Les bouillons en cube sont beaucoup utilisés pour relever un plat. Mais sont-ils vraiment inoffensifs pour la santé ? Ce petit cube aromatique lancé dans les années 1880 est un condensé de légumes et d’aromates. Il a été popularisé pour apporter du goût et de la saveur aux sauces et aux plats mijotés sans faire trop d’effort. Et le succès a été énorme car ce cube de bouillon déshydraté est devenu un allié fidèle de tous les passionnés de la cuisine. Sa consommation est-elle risquée ? Faisons le point.
Un produit sans intérêt nutritionnel
Si vous cherchez un avantage nutritionnel du bouillon déshydraté, vous serez deçu car « il n’y en a pas », selon le Dr Jean-Michel Lecerf, chef du service nutrition et activité physique à l’Institut Pasteur de Lille.

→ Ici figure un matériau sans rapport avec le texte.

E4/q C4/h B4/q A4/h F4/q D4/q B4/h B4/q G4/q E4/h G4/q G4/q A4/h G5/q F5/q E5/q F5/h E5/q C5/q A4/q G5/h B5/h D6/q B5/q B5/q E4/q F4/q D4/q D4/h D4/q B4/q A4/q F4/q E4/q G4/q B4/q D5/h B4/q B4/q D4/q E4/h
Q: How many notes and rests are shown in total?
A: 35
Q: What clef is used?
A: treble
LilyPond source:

Il explique que : « En termes de fibres et de vitamines, on est très loin de ce que peut apporter un bouillon ou une soupe maison. Il s’agit d’un aliment ultra-transformé dont le seul rôle est d’apporter des arômes à la préparation. »

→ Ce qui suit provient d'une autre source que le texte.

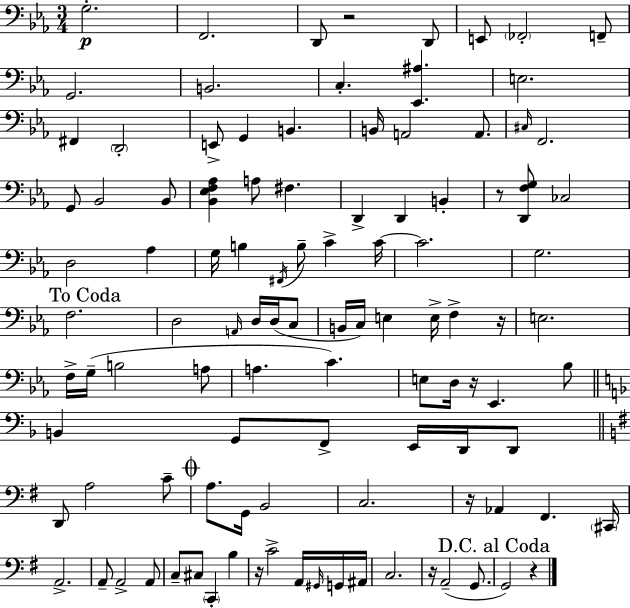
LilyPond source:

{
  \clef bass
  \numericTimeSignature
  \time 3/4
  \key ees \major
  g2.-.\p | f,2. | d,8 r2 d,8 | e,8 \parenthesize fes,2-. f,8-- | \break g,2. | b,2. | c4.-. <ees, ais>4. | e2. | \break fis,4 \parenthesize d,2-. | e,8-> g,4 b,4. | b,16 a,2 a,8. | \grace { cis16 } f,2. | \break g,8 bes,2 bes,8 | <bes, ees f aes>4 a8 fis4. | d,4-> d,4 b,4-. | r8 <d, f g>8 ces2 | \break d2 aes4 | g16 b4 \acciaccatura { fis,16 } b8-- c'4-> | c'16~~ c'2. | g2. | \break \mark "To Coda" f2. | d2 \grace { a,16 } d16 | d16( c8 b,16 c16) e4 e16-> f4-> | r16 e2. | \break f16-> g16--( b2 | a8 a4. c'4.) | e8 d16 r16 ees,4. | bes8 \bar "||" \break \key d \minor b,4 g,8 f,8-> e,16 d,16 d,8 | \bar "||" \break \key e \minor d,8 a2 c'8-- | \mark \markup { \musicglyph "scripts.coda" } a8. g,16 b,2 | c2. | r16 aes,4 fis,4. \parenthesize cis,16 | \break a,2.-> | a,8-- a,2-> a,8 | c8-- cis8 \parenthesize c,4-. b4 | r16 c'2-> a,16 \grace { gis,16 } g,16 | \break ais,16 c2. | r16 a,2--( g,8. | \mark "D.C. al Coda" g,2) r4 | \bar "|."
}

Le principal composant de ces bouillons en cube n’est d’autre que le sel. D’après François Buche, enseignant-chercheur en sciences et technologies des aliments à l’école d’ingénieurs UniLaSalle, le sel est un ingrédient qui va « rallonger la durée de conservation et éviter tout développement microbiologique dans l’emballage du produit ». Par ailleurs, le physico-chimiste Raphaël Haumont voit le sel comme un « agent de charge ». Autrement dit, il est utilisé pour augmenter le volume du bouillon sans avoir un effet bénéfique sur la valeur énergétique.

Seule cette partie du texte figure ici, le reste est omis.